> ENTRIES SHOWN:
- - -

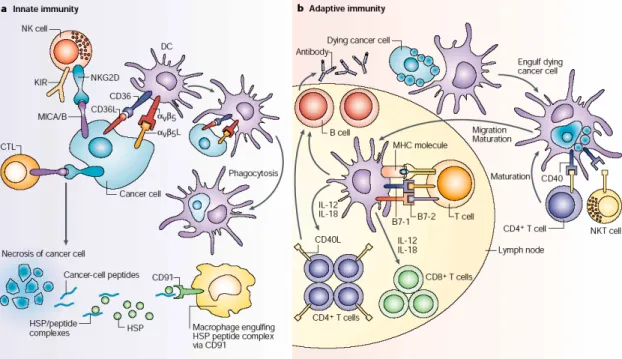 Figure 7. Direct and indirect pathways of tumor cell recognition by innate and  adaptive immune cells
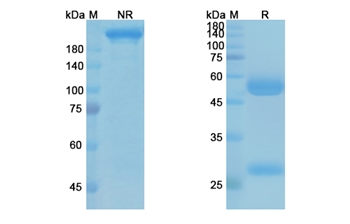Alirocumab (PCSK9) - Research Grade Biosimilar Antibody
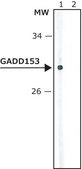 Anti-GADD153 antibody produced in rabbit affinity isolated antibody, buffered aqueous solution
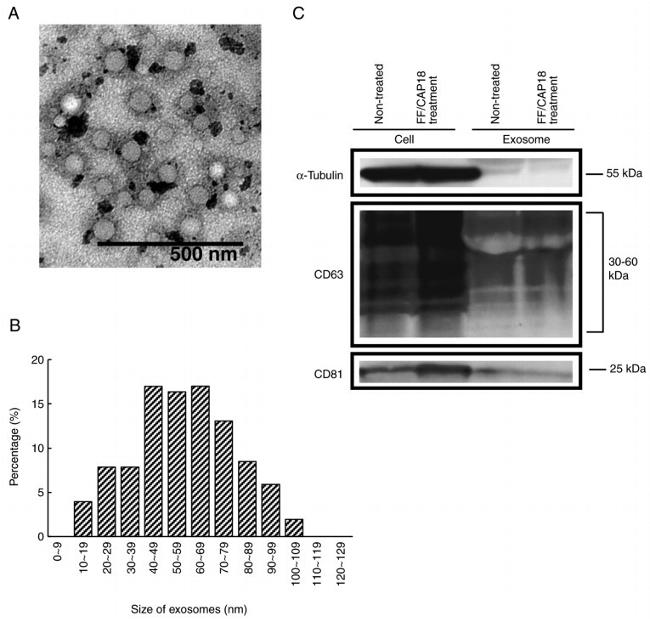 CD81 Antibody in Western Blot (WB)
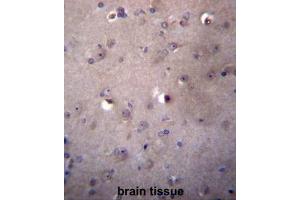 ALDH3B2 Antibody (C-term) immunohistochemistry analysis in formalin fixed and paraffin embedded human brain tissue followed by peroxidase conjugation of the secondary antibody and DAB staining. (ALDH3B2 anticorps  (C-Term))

- - -

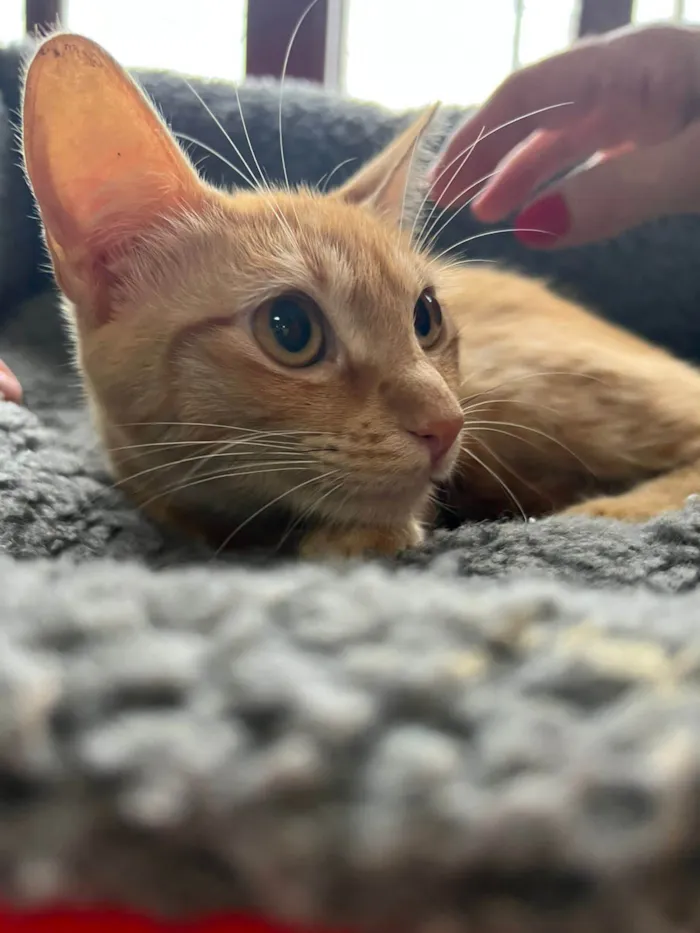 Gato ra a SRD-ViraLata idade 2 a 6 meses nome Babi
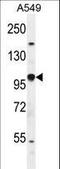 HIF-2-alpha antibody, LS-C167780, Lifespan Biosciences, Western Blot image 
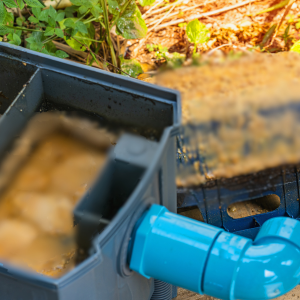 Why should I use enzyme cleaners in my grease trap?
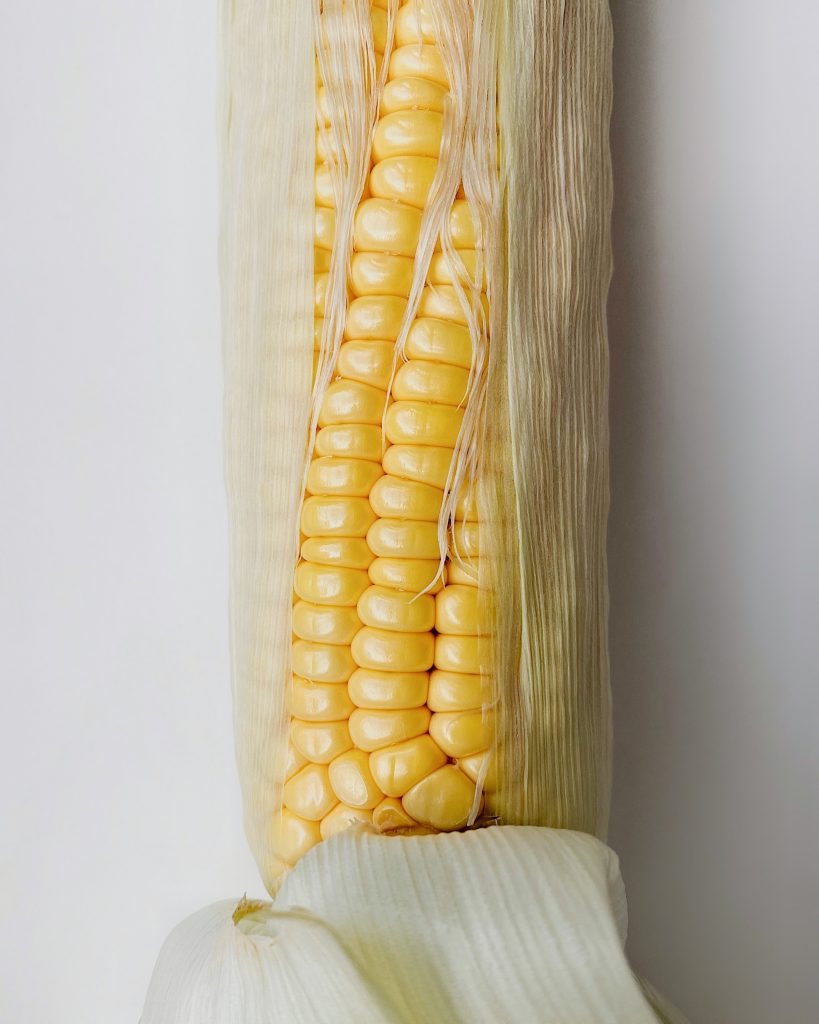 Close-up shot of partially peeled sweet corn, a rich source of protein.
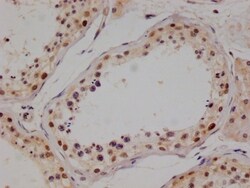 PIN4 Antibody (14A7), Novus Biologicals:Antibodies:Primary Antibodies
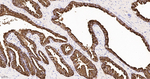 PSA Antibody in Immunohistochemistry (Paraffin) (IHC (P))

- - -

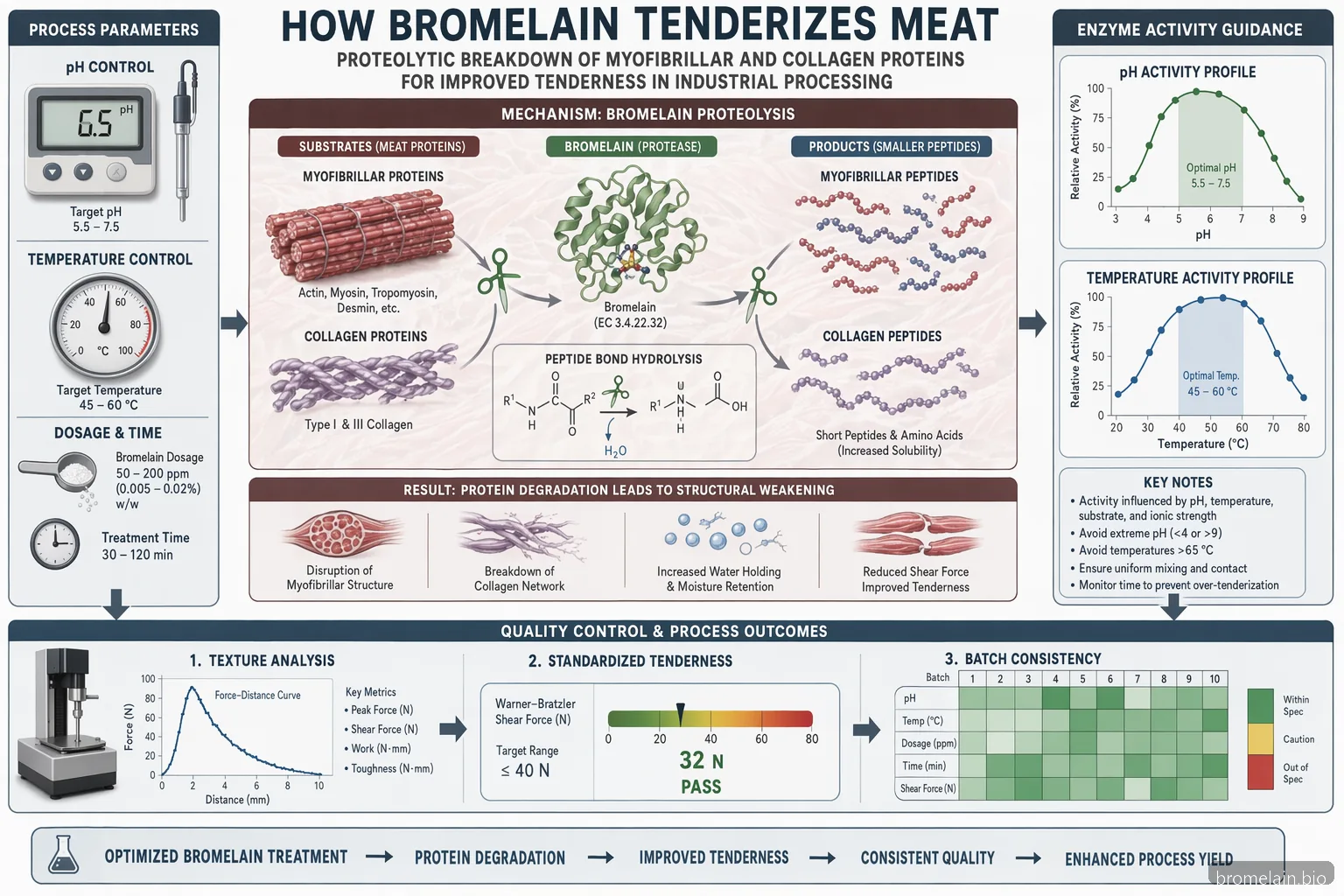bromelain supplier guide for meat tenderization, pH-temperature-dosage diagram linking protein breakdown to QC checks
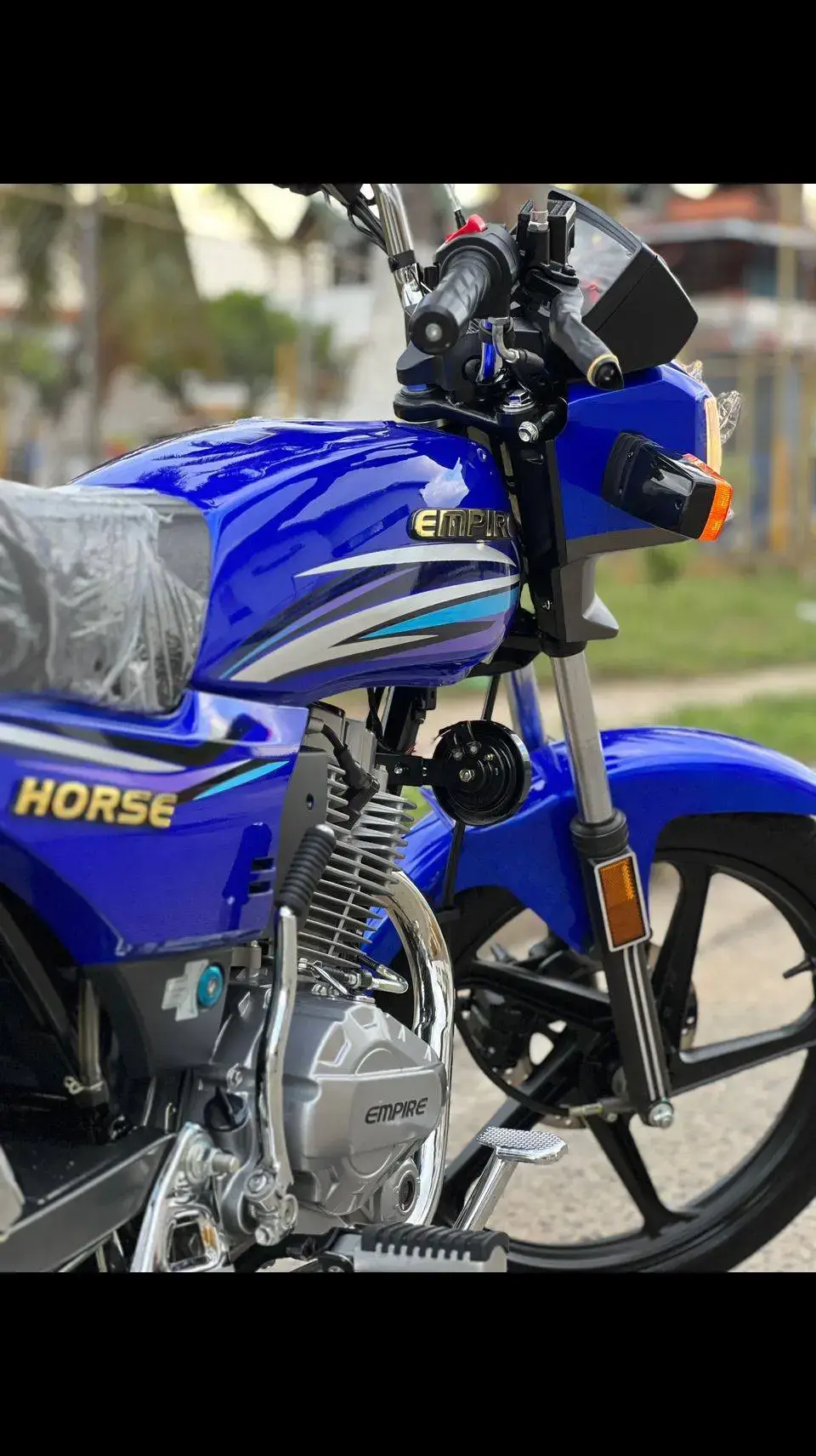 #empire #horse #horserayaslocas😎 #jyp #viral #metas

- - -

> TASK TO COMPLETE:
Exactly reproduce the lines above, starting at the one that contains "Figure 7. Direct" and ending at the one that contains "ALDH3B2 Antibody (C-term)", both inclusive; leave the pictures out and add no other lines.

> COMPLETED EXERCISE:
 Figure 7. Direct and indirect pathways of tumor cell recognition by innate and  adaptive immune cells
Alirocumab (PCSK9) - Research Grade Biosimilar Antibody
 Anti-GADD153 antibody produced in rabbit affinity isolated antibody, buffered aqueous solution
 CD81 Antibody in Western Blot (WB)
 ALDH3B2 Antibody (C-term) immunohistochemistry analysis in formalin fixed and paraffin embedded human brain tissue followed by peroxidase conjugation of the secondary antibody and DAB staining. (ALDH3B2 anticorps  (C-Term))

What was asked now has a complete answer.